A Rede foi fundada em 2012, com a ideia de reunir essas organizações doadoras independentes porque, quando olhamos para o ecossistema filantrópico no Brasil, vemos que ele consiste principalmente de empresas privadas, fundações familiares e corporativas etc. As organizações doadoras independentes não se sentiam conectadas a esse ecossistema filantrópico mais amplo – a forma como faziam doações e trabalhavam com a sociedade civil era muito diferente. A filantropia local no Brasil é muito conservadora e não necessariamente apoia iniciativas relacionadas à justiça socioambiental e aos direitos humanos.
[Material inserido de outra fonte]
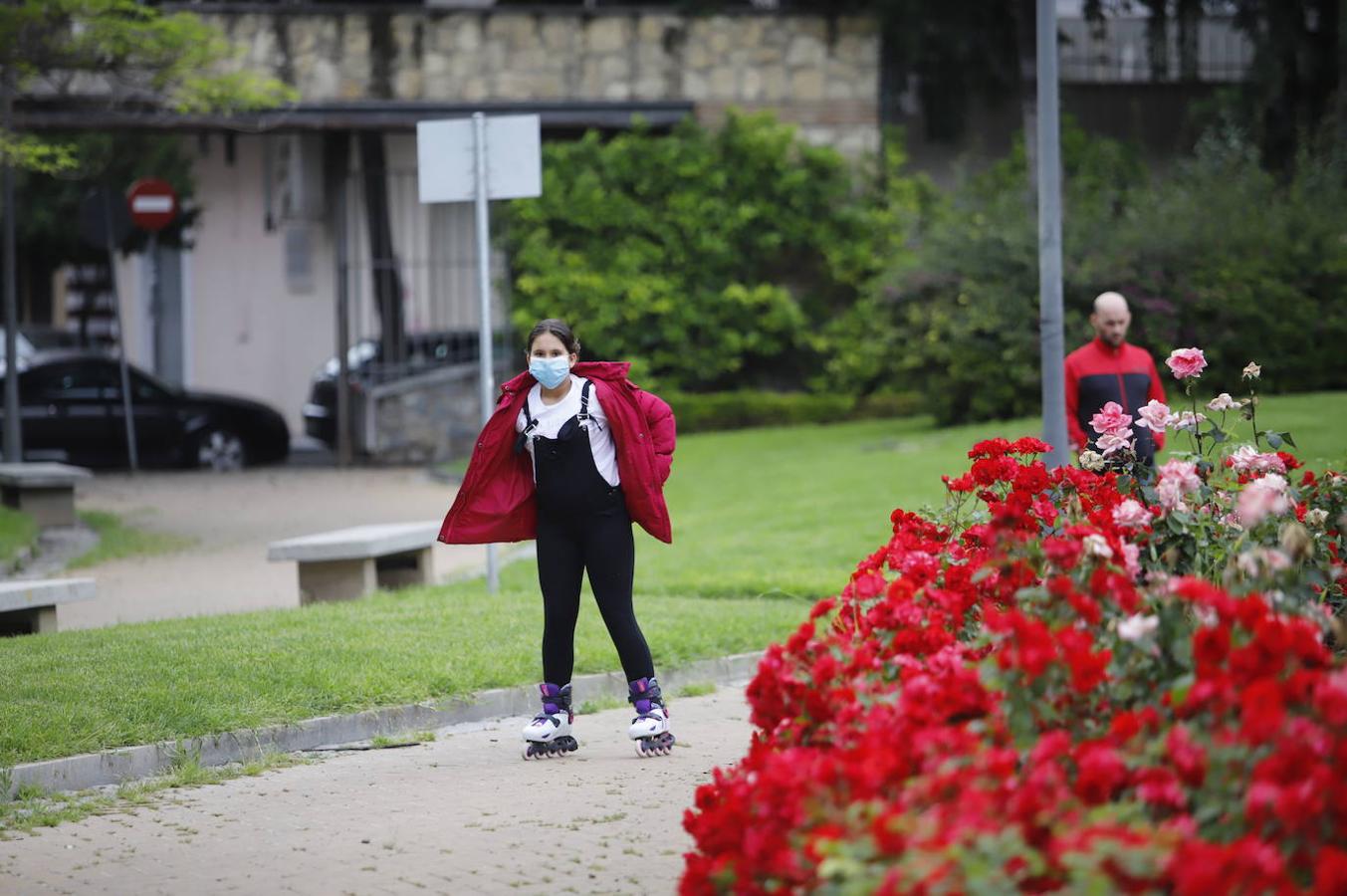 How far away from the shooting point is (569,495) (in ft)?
24.3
Assim, a Rede Comuá nasceu do desejo de abrir esse espaço para viabilizar a troca de experiências e perspectivas, mas principalmente para promover e impulsionar a filantropia comunitária e de justiça social no Brasil.
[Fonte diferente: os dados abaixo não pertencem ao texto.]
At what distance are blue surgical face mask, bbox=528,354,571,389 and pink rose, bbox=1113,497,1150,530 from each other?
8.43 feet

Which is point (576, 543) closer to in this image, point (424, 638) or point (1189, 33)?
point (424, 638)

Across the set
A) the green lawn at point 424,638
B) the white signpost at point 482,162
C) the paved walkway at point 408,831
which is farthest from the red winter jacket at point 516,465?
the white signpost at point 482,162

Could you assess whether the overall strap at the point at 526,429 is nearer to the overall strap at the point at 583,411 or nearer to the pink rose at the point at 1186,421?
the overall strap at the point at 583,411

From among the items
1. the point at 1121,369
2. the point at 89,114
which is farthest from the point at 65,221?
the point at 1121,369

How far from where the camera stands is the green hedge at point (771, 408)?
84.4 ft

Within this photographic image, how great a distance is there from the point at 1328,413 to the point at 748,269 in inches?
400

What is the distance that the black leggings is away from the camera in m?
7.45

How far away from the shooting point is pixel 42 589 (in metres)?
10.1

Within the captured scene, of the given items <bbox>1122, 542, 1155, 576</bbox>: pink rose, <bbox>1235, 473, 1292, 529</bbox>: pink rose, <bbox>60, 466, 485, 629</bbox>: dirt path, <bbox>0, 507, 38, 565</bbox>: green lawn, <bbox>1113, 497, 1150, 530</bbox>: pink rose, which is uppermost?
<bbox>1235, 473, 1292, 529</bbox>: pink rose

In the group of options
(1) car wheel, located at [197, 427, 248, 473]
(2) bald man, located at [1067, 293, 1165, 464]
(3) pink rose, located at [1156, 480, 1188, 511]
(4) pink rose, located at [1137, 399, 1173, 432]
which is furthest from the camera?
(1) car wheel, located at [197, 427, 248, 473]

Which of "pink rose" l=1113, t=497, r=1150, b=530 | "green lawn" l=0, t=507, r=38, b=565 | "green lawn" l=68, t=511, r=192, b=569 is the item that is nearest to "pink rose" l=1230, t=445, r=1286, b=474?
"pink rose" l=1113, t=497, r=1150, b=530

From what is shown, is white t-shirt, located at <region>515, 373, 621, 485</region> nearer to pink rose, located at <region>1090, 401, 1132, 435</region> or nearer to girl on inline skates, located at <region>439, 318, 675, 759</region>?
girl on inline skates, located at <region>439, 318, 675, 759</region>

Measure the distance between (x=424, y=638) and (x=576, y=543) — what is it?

Uma das nossas principais áreas de atuação é o nosso programa de incidência, que tem três pilares fundamentais: o primeiro é centrado na formação de coalizões, facilitando campanhas conjuntas, conexões e alianças entre os membros; o segundo é a produção de conhecimento – pesquisamos muito a filantropia comunitária e de justiça social no Brasil, porque há poucos dados disponíveis sobre essas práticas no país, então para nós é realmente essencial evidenciar e exemplificar outras formas de fazer filantropia e apoiar a sociedade civil (fizemos recentemente um mapeamento das organizações doadoras independentes no Brasil, que traduzimos para o inglês e está disponível aqui). O terceiro pilar está ligado a isso, tratando de comunicação e parcerias. Parte do nosso trabalho de incidência visa influenciar os doadores mais tradicionais a mudarem as suas práticas.
O que todos os nossos membros têm em comum é o seu papel de fortalecimento da sociedade civil e da democracia, apoiando grupos minoritários no acesso aos seus direitos.
Qual você acredita ser o papel das organizações doadoras independentes para a mudança dos sistemas existentes no Brasil?
É interessante porque as organizações doadoras independentes e aquelas que trabalham com ‘filantropia comunitária’ não se veem como os agentes principais de transformação – os atores que realmente impelem a mudança sistêmica são os atores da sociedade civil – com toda a sua diversidade de movimentos, coletivos, organizações da sociedade civil e assim por diante. Então, em se tratando de atores da filantropia comunitária, ocorre que eles estão financiando a transformação, com apoio mais flexível e acessível, de modo que se veem mais como facilitadores desse processo transformador.
Portanto, para nós da Rede Comuá, quando falamos de mudança sistêmica, pensamos no financiamento e apoio àqueles que estão à frente dessa mudança, e não de os próprios financiadores mudarem diretamente os sistemas.
O que os grupos da sociedade civil com os quais vocês trabalham dizem precisar dos financiadores para promover mudanças?
Não seria correto da minha parte falar em nome de todos os grupos da sociedade civil no Brasil, mas o que tem nos chegado é a necessidade de financiamento flexível e plurianual que apoie a operação desses grupos. Trata-se de respeitar a autonomia e o conhecimento desses grupos – que sabem quais são as soluções e do que eles precisam.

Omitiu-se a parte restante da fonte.